To correct this... I ground the mandrel to a narrower taper and rounded the sharp edges. Then with an assistant holding a gas torch so as to just soften the brass, I managed to forge the rest of my tubes without any further loss, the illustration shows the tubes before and after swaging. The rest of the smoker was a standard tinplate one from stock that had a dented top.
This top was cut down with tin snips... The front edge was cut into fingers that were folded inwards to form a platform that the fan shaped group of nozzles were soldered to. The splayed shape of the several nozzles gave rise to the name "Ducks Foot" as there was a historical type of pistol (click on the small picture at right for more details) that was intended for use against mutinous sailors, that had multiple splayed barrels... All the barrels were discharged simultaneously, causing a fan shaped volley of balls.
The cover was made from a piece of thin brass sheet (source forgotten) that also had fingers cut around it's edge that were individually bent down and soldered. The splayed tubes were quite fragile and I supported them by soldering some 2.5 mm diameter copper rod across the upper and lower surfaces of the ends of the tubes. All the soldering was lead/tin plumbing solder and initially I was concerned that this may melt when the device was in use, but this did not happen. The device worked exactly as envisaged, but there was one snag... The tubes were narrow and very well cooled so that an inordinate amount of tar formed at the outer ends which turned to coke at the inner ends, requiring frequent cleaning. The solder has been omitted from the drawing, as a result of this... The drawing itself looks rather neater than the finished prototype did.
The "Rauchboy" smoker is a high quality, heavy duty device, designed by Hermann Link and manufactured by H. Tuerksch in Duisburg, it features a ventilated sleeve that contains the combustible material within the firebox. Heavily engineered and with leather bellows, it is designed for a lifetime of trouble free service.
More details are available, including spare parts, on the Rauchboy website (website unavailable on 10-07-2020. R.P.)
The inner sleeve, shown at left, is not quite to the same scale as the overall picture, but it fits in the fashion denoted by the green outline in the cross sectional drawing further up the page.
The bellows on all types of smoker used to be made of soft and flexible leather, similar to the Rauchboy example, but the last few decades have seen the use of a plasticised cloth (Rexine) that is commonly used for upholstery, this is not so durable as leather and sometimes cracks, also the return springs in bellows can occasionally fail. I have had such a spring failure only once, in a secondhand unit that was at least ten years old. The bellows illustrated at right are offered by the appliance trade for such repair purposes, this type is made by E.H. Thorne in UK.

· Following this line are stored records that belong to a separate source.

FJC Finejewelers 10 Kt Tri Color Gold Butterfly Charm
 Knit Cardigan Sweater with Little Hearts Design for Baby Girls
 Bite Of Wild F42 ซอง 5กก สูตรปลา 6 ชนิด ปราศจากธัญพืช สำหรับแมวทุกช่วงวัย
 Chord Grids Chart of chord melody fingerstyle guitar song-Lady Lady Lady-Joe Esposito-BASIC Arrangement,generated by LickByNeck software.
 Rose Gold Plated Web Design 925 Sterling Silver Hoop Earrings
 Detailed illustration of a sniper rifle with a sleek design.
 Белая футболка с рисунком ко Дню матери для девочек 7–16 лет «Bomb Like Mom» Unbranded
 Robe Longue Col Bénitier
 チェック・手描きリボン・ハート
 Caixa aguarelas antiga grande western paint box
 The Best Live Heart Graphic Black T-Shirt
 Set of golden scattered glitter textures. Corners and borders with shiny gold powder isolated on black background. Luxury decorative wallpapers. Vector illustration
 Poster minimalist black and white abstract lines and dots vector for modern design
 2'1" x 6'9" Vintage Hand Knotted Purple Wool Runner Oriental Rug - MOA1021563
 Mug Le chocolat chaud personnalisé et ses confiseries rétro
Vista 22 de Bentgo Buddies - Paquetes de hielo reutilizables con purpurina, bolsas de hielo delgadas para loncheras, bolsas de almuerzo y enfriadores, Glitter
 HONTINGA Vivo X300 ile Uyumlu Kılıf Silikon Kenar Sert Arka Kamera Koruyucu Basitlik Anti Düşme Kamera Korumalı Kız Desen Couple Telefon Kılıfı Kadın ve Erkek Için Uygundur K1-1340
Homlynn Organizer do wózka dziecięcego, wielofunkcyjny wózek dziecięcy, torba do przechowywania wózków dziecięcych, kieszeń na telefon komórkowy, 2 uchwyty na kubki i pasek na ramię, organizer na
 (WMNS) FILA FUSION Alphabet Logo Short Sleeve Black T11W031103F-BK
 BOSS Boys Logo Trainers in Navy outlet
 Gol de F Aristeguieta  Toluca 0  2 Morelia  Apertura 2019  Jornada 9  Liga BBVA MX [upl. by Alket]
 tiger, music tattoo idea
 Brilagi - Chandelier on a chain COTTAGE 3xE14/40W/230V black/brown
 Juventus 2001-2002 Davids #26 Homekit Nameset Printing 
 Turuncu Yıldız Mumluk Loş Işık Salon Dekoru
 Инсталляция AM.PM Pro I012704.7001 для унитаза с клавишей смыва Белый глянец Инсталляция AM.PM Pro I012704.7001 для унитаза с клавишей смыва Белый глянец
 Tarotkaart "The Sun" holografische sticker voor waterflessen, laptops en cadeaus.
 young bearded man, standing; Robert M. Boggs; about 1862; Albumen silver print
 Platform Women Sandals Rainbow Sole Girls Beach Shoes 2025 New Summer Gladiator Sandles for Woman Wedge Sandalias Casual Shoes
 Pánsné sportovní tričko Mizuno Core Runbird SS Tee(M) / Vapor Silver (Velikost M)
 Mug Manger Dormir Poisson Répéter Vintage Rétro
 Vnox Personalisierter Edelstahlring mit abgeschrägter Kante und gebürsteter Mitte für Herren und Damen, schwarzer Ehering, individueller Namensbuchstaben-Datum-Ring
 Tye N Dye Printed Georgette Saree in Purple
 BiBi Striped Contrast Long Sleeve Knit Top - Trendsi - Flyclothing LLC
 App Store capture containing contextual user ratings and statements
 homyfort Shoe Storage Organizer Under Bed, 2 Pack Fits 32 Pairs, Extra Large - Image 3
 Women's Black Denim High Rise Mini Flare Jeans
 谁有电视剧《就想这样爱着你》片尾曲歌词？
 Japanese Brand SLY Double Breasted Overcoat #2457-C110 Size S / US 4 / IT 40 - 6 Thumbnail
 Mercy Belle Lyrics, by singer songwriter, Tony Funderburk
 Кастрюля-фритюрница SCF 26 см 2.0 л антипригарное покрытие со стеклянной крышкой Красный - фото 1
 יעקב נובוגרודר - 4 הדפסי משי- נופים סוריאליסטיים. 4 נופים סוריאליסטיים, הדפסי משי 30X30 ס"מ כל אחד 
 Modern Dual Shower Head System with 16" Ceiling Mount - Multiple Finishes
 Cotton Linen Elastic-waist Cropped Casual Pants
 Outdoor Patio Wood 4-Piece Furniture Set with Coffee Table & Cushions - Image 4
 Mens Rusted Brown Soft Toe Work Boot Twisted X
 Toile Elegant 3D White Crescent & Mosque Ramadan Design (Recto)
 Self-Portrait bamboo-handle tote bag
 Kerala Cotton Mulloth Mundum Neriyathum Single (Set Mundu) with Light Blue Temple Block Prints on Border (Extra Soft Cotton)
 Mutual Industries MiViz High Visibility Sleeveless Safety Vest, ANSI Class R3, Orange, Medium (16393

The air blast, that emanates from the hole that is evident in the bellows picture, is directed into a sleeve that is inserted in the side of the smoker barrel about half way up the void that exists under the grate.
This smoker has no bellows at all, it is spring driven (clockwork) and has a metal fan that provides the draught. It is known as a 'Vulcan' smoker.
Similar to the Vulcan there is an almost identical version that is powered by a torch battery.
Both of the bellow less smokers have switches or levers to allow the delivery of smoke to be regulated. I used to sell both of these types when I was in business, but I would sell two or three hundred 'normal ones' to every clockwork or battery one sold.
I have been told by a friend that the battery version tends to overheat the battery, but I have no personal experience of actually using either type myself.
In Germany, originally for use inside bee houses, an unusual smoker rather like a large metal smoking pipe has been developed. Known as an Imker Pfeife (beekeeper's pipe). It is used with coarse tobacco stalks or herbal smoking mixture, it is blown rather than sucked. The picture was taken from the website of R. Meiers Sohne AG and I have hacked it about a bit... It shows the larger of two similar versions that are made of aluminium and have double walled fire boxes. The fuel that is shown alongside is coarse bee tobacco.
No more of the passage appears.